Motivational Quote of the Day
“There isn’t a day go by that I don’t thank my mother for teaching me how to put my pants on.” - Lord Hambersham, DDS
Cereal of the Day
A definitively British cereal, Weetabix is sold in the United States and Canada, but let’s be honest, North Americans are not entirely keen on several giant wheat biscuits occupying the space that could be filled with two cups of sugared cereal instead. The British however, have a strange fascination with anything biscuit related, even if it attempts to pass itself off as cereal. How is this cereal consumed? Is it broken into chunks after a few minutes of softening? Is it lifted by hand and eaten like a proper biscuit immediately after hitting milk (as to not be too soggy to lift)? Regardless, it’s a good source of fiber.
Regularity is a selling point of many cereals, a point illustrated by the fiber content alongside low sugar content. Even sugared cereals love to highlight fiber content. Are we, as a human species, so entranced by timing out our poops that we search for breakfast cereal that assists with the process? We could take a fiber pill daily, but we don’t like pills. We like crunchy cereal in milk, even if that cereal is the size of a Hot Pocket. Once again though, without much effort, a paragraph turns to shit and Weetabix just happened to be along for the ride.
News From Earth
Most of us are not economically viable. There is constant talk of wages not increasing with the cost of living, with home prices, rental prices, groceries, and so on. This while the top one percent continues to grow richer by the day. There are stats, explaining wealth divide and costs of living, but we can see it everyday without a chart. We can feel it in our wallets, a pain point everyone loves to complain about. But what we fail to realize, especially in the United States, is that this is how the system is designed. It’s designed to keep the rich, rich and the poor, poor. As soon as the middle class (whatever that is) started to catch up, a recession knocked them back and the cycle was able to right itself.
The ultra wealthy love to tout hard work as a marker of monetary success, but that’s horseshit. Inherited wealth is the real marker of financial success, everything else is just luck. If you aren’t born into it, or you don’t get extremely lucky, you will toil along for your working days, until you wither and die. That’s a hard truth we know, but are generally unwilling to face. We would rather dream of riches we may never have, not realizing the real riches were the friends we made along the way. Just kidding, it’s money. The real riches is money. So we enter a new year on the edge of a recession (this time caused by the auto loan industry), dreaming of getting rich, not realizing the financial system is working every angle to keep us as poor as possible. At least cereal is still cheap.
Sandwich of the Day
From the proprietary sandwich generation tool:
Beef Hotdogs & Mozzarella With Streaky Bacon On Cornetto Bread.
Ephemeral Erosion
We are all living final notice to final notice, with nothing ever being actually final (until finality itself claims our mortality). The constant reminder of our continuous past due status does little to motivate us beyond creating more trash. Finding motivation is difficult enough, another piece of paper reminding us of our socioeconomic status simply does not help. Yet, these reminders of our financial mortality do more than press the boot on our necks, they remind us that we exist in some form other than vessels for blood and deli meats. Some faceless corporation has our name in a database along with some points of data that identify us and our delinquent accounts. We exist!
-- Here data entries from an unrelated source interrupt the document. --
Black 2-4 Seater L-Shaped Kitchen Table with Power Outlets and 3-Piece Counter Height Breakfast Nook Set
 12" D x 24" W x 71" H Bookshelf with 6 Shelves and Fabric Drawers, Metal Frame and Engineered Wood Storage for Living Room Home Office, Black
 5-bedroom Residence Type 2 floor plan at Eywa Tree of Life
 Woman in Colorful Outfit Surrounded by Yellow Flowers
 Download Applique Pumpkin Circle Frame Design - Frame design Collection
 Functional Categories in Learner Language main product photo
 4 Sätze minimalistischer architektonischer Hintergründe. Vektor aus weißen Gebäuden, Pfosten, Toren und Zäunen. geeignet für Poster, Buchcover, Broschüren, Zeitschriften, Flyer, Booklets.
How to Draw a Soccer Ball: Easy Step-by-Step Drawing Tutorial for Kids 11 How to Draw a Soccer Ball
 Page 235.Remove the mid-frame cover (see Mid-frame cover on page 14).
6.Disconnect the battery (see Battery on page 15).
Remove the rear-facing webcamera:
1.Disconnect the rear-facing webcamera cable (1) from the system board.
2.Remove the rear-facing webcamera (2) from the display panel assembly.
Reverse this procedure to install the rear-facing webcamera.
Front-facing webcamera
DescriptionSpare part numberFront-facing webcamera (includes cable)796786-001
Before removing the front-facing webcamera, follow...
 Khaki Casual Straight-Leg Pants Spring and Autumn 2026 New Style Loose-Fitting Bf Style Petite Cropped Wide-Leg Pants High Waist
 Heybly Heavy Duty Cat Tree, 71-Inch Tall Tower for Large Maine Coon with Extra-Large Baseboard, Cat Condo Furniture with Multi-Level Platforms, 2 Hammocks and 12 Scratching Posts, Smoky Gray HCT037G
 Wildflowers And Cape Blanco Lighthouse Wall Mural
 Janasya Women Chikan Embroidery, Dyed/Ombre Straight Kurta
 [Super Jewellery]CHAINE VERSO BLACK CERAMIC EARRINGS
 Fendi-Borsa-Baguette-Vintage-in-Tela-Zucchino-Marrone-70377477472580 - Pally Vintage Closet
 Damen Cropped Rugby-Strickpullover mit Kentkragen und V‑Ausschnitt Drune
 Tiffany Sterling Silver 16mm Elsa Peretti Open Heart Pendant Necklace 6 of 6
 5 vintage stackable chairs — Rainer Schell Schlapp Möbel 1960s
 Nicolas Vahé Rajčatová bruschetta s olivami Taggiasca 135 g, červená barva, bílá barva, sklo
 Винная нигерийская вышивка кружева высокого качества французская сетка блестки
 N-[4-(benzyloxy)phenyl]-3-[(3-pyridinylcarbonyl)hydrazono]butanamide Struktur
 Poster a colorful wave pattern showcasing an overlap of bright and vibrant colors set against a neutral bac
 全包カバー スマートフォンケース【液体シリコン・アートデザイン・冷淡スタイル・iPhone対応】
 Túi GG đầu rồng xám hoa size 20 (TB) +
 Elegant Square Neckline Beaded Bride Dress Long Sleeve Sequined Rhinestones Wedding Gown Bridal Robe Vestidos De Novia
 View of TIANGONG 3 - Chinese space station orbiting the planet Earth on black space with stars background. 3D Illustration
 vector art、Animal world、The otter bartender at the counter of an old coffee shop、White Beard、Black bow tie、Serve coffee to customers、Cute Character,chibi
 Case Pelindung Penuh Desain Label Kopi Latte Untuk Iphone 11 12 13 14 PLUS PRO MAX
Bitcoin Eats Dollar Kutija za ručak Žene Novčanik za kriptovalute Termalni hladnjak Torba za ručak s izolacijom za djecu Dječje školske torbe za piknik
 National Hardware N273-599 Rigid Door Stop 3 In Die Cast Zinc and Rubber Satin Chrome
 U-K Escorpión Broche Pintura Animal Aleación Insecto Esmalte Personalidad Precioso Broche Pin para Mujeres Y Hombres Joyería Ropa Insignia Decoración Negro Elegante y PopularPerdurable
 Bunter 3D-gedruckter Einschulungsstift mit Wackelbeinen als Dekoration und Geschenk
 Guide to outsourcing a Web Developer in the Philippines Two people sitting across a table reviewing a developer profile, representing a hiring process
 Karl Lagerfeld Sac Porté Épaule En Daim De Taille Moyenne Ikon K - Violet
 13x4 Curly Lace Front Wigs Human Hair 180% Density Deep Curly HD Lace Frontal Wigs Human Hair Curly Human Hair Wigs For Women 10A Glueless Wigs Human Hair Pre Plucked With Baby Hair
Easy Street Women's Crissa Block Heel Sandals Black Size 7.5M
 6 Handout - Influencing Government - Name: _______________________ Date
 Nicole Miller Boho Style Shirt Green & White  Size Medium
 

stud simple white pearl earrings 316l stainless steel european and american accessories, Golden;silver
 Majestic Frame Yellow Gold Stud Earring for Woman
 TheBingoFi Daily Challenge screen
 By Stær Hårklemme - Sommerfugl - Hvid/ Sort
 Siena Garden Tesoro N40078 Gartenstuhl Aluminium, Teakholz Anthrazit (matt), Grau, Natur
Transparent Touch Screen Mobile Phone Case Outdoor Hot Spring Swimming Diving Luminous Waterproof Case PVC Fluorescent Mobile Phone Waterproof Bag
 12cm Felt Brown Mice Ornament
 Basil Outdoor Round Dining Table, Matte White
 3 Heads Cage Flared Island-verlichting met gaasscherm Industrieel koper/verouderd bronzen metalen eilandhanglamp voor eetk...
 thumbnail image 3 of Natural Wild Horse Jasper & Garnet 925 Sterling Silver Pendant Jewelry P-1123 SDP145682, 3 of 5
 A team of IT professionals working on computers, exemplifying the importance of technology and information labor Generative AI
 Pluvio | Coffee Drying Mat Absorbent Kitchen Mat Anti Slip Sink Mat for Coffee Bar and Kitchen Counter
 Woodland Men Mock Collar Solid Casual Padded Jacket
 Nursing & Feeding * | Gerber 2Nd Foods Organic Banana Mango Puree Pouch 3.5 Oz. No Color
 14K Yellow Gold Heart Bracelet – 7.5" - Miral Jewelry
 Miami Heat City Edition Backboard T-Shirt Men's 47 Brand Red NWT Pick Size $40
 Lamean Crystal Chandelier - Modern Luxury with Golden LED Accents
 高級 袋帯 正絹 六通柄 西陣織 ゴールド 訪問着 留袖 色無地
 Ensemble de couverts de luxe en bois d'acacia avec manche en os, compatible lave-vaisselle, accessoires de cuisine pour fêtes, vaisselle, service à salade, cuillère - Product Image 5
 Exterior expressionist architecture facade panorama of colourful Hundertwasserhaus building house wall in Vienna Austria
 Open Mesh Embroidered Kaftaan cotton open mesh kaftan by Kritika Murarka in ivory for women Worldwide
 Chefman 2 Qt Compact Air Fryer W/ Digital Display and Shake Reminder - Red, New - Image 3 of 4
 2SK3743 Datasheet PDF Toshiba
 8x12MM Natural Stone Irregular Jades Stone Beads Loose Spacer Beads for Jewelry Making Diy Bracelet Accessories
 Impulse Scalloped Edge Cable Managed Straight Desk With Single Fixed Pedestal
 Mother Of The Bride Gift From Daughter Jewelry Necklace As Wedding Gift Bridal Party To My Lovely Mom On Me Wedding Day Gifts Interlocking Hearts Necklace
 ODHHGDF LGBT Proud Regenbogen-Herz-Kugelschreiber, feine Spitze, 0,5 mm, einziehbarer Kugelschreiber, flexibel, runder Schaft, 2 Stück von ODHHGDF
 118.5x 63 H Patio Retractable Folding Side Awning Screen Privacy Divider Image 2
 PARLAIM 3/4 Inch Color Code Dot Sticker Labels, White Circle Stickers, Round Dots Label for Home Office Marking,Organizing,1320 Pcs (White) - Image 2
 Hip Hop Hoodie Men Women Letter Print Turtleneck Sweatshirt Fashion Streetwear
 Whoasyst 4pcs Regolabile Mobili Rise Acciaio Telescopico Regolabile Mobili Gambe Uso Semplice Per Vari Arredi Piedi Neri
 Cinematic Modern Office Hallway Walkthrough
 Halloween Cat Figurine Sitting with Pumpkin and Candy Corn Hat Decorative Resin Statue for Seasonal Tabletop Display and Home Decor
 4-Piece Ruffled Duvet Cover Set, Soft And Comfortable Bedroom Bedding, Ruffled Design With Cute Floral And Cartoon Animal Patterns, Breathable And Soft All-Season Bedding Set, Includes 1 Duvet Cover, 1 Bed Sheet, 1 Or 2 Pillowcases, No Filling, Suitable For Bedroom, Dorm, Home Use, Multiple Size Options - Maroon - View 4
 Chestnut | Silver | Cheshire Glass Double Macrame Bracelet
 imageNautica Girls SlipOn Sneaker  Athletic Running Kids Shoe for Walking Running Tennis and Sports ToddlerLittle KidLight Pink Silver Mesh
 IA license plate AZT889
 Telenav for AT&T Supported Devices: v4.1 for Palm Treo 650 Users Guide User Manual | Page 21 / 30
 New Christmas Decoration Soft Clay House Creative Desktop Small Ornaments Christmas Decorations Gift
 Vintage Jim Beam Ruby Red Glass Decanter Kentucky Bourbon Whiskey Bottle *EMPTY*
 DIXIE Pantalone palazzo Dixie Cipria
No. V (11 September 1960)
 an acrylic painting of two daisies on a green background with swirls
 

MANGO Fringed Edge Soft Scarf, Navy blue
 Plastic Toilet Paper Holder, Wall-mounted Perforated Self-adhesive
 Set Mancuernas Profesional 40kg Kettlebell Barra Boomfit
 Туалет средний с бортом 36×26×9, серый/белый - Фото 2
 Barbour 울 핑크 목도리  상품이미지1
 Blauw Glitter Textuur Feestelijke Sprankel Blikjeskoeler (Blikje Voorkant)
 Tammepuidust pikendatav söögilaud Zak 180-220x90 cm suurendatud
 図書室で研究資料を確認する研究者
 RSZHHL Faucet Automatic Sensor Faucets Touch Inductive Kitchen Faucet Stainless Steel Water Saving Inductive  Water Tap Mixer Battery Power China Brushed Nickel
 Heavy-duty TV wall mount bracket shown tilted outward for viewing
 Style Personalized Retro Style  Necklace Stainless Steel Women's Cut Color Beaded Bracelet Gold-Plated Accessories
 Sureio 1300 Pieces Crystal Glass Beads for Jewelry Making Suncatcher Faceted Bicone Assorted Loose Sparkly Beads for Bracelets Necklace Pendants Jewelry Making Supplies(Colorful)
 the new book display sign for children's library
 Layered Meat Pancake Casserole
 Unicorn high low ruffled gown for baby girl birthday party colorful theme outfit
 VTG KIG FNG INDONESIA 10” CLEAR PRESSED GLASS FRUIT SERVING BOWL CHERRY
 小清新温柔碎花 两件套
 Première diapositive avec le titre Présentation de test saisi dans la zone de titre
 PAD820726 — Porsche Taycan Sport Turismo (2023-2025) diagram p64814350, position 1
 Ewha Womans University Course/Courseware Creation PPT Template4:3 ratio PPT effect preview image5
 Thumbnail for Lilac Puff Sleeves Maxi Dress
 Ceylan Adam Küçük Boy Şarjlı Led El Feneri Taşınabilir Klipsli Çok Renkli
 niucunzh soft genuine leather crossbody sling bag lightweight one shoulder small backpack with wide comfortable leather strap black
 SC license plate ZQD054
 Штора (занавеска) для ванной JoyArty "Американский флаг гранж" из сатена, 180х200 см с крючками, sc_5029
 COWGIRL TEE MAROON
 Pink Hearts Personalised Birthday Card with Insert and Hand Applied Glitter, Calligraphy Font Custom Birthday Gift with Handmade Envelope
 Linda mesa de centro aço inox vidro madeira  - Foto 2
Tying our existence to something tied to other aspects of our existence might not be the best way to define our time in the plane of the living. It’s all very circular. As much as we crave validation for our existence, we crave to be forgotten and ignored, left to live our lives unnoticed, while craving attention for doing so. We find comfort in the paperwork of life, signing our name or just throwing away collection letters. For as much stress as we claim to have been received in the mail, it’s a strange sort of joy dealing with the printed proof of our existence. We just haven’t realized that it’s all sent to us postage due upon delivery. Someday we’ll have to pay that bill.